The Boston Diaries

The ongoing saga of a programmer who doesn't live in Boston, nor does he even like Boston, but yet named his weblog/journal “The Boston Diaries.”

Go figure.

Monday, Debtember 15, 2003

Cheap horror flick

I surprised myself by not screaming like a little girl, although I did say “oh fudge” when it happened.

The onion. The knife. I put the blade to the onion, ready to slice it in half. The onion just sat there unconcerned about the eviceration I was about to start. That alone should have warned me, but no, I plunged ahead anyway. Knife. Meet onion skin. Only the knife didn't penetrate the onion skin. That's why the onion was so blasé about the situation—it knew! No knife of mine was good enough to penetrate its skin. Oh no! Good enough to penetrate my skin, but not the onion's.

No severed fingers though. That's good. But a bit too deep to grab a band-aid. I had to wake up Spring to have her get some band-aids as I was too busy keeping presure up on my right ring finger.

Three bandages later (two on my ring finger, a smaller one on my middle finger which also got knicked) and I noticed that I needed to change shirts. Figures that I'm wearing a white shirt. Well, at that point, a white shirt with small red dots covering the right side.

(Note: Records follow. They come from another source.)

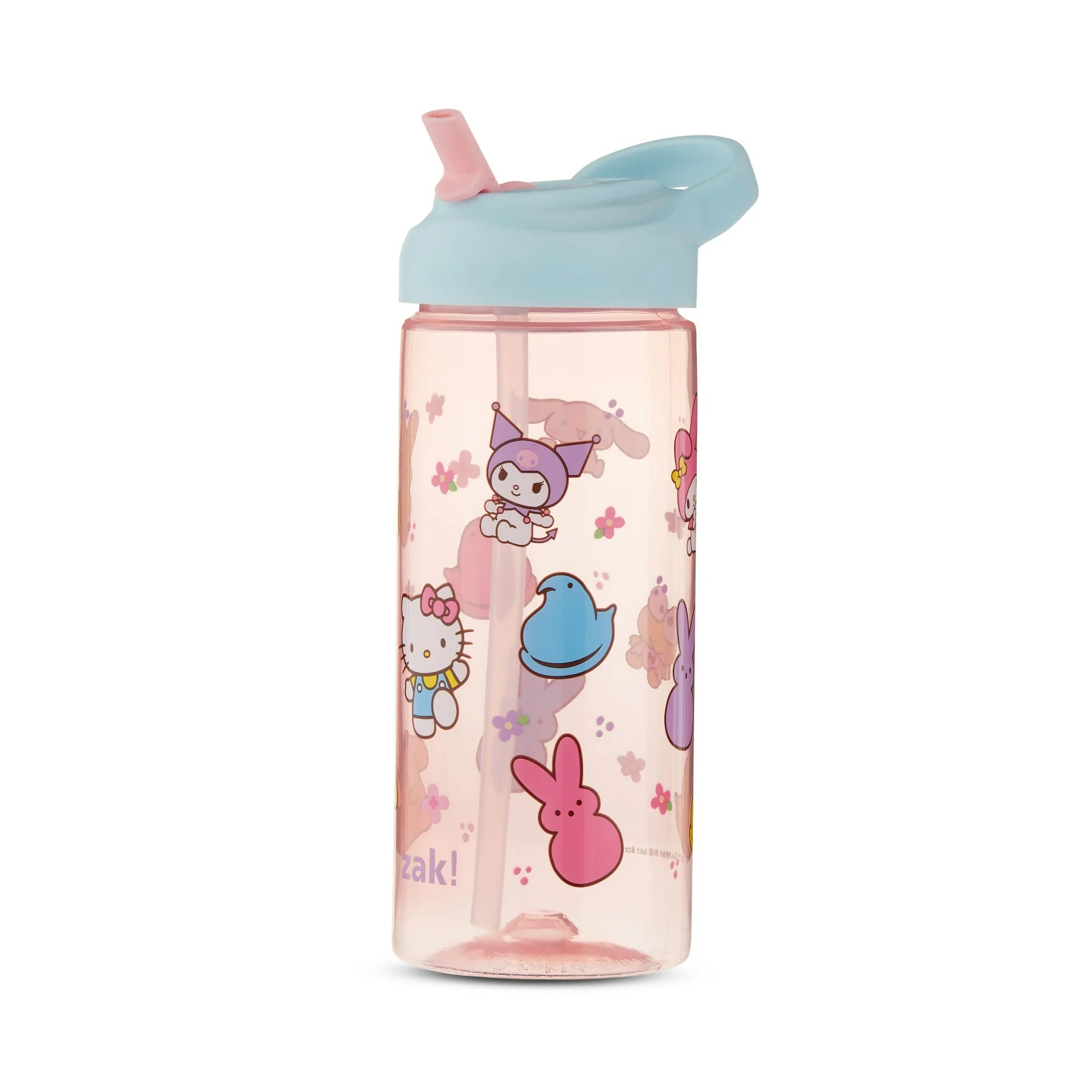 Zak Designs Hello Kitty Peeps Pink 16oz PP Kids Murphy Bottle with Built In Carry Handle and Flip Up Straw  | WTWL901XA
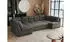 MKS Meble Comodo U Wohnlandschaft U-Form mit Schlaffunktion, 6-Sitzer, 340x93x206cm, Dunkelgrau Velvet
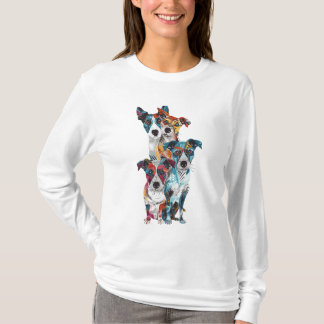 Cute Whimsical Colorful Folk Art Dog T-Shirt
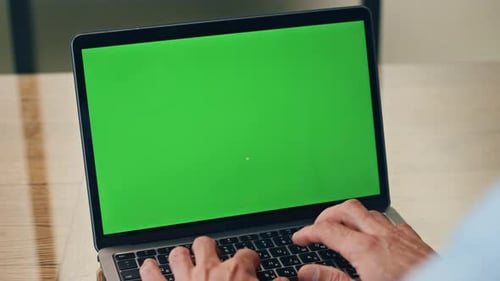 Businessman Hands Working Mockup Computer Indoors Close Up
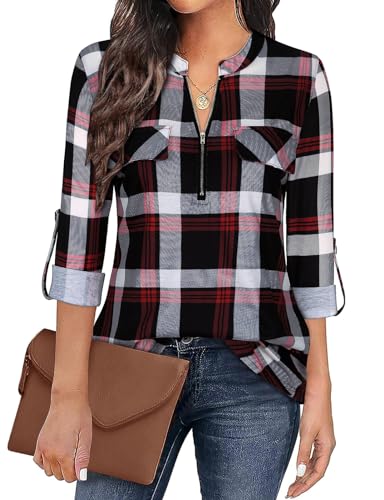 Gemulate Womens Zip Up Plaid Tunic Blouse Long 3/4 Roll Sleeve Polo Top Floral Printed Shirts Long Tops to Wear with Leggings Plaid Red 2-L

One shirt later, and I'm back in the kitchen. The onion was sitting on the counter, no doubt giggling to itself at the inept human who attempted onioncide. I look up at the cabinets, now adorned in little red polka-dots. I look up further, to the little red polka-dots adorning the ceiling.

Good lord, I thought. It looks like a scene from a cheap horror flick. My second thought was, How the fudge did I get blood all the way up there? That was a mystery to be solved later. First things first.

Slice.

Muahahahahahaha! Take that, onion!


Some random thoughts on employment

So, the first real wave of robots did not replace all the factory workers as everyone imagined. The robots replaced middle management and significantly improved the performance of minimum wage employees. All of the fast food chains watched the Burger-G experiment with Manna closely, and by 2012 they started installing Manna systems as well. By 2014 or so, nearly every business in America that had a significant pool of minimum- wage employees was installing Manna software or something similar. They had to do it in order to compete.

In other words, Manna spread through the American corporate landscape like wildfire. And my dad was right. It was when all of these new Manna systems began talking to each other that things started to get uncomfortable.

Via a comment at jwz's livejournal, Manna, Chapter 1

This is the third science fiction story I've come across that goes into depth in a post-scarcity world; a computerized utopia where there are no wants for material items—the others being Prime Intellect and Down and Out in the Magic Kingdom. Perhaps our apparent jobless economic recovery is a harbinger of things to come.


I remember reading a future employment scenario in one of Robert Anton Wilson's works and it was an interesting scenario. If you automate your own job—if you invent yourself out of a job in other words, you get a yearly government salary of $250,000/year. Anyone whose job is elimited because of automation will get $25,000/year. An intriguing idea but one I don't really see coming about.


Another aspect of this “jobless recovery” I've been hearing about is that more and more people are just giving up on being employed and thus a large number of people are turning entrepreneurial, leading to a vast number of now self-employed (which as a figure probably won't show up until the next year or so).

There's a coherent thought in here somewhere … I just have to find it.